▶ **THE PROBLEM**:
Please repeat, exactly as written, the line containing "نيترو قيمنق برومو -شهر Nitro" and every line after it through the end of the records below.

(Caption-style text data)

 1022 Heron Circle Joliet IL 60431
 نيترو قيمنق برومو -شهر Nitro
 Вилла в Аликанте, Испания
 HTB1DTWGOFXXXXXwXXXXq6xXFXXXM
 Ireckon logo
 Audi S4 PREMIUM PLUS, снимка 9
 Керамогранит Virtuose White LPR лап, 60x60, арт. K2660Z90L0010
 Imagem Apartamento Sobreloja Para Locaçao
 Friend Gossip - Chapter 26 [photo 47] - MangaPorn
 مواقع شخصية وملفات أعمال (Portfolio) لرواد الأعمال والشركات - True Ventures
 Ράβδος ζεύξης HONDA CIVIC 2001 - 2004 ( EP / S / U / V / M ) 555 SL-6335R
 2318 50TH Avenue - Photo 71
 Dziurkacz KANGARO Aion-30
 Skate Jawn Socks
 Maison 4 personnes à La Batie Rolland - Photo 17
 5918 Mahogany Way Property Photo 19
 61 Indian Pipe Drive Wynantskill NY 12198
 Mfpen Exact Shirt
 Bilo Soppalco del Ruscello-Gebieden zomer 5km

▶ **ANSWER TO THE PROBLEM**:
 نيترو قيمنق برومو -شهر Nitro
 Вилла в Аликанте, Испания
 HTB1DTWGOFXXXXXwXXXXq6xXFXXXM
 Ireckon logo
 Audi S4 PREMIUM PLUS, снимка 9
 Керамогранит Virtuose White LPR лап, 60x60, арт. K2660Z90L0010
 Imagem Apartamento Sobreloja Para Locaçao
 Friend Gossip - Chapter 26 [photo 47] - MangaPorn
 مواقع شخصية وملفات أعمال (Portfolio) لرواد الأعمال والشركات - True Ventures
 Ράβδος ζεύξης HONDA CIVIC 2001 - 2004 ( EP / S / U / V / M ) 555 SL-6335R
 2318 50TH Avenue - Photo 71
 Dziurkacz KANGARO Aion-30
 Skate Jawn Socks
 Maison 4 personnes à La Batie Rolland - Photo 17
 5918 Mahogany Way Property Photo 19
 61 Indian Pipe Drive Wynantskill NY 12198
 Mfpen Exact Shirt
 Bilo Soppalco del Ruscello-Gebieden zomer 5km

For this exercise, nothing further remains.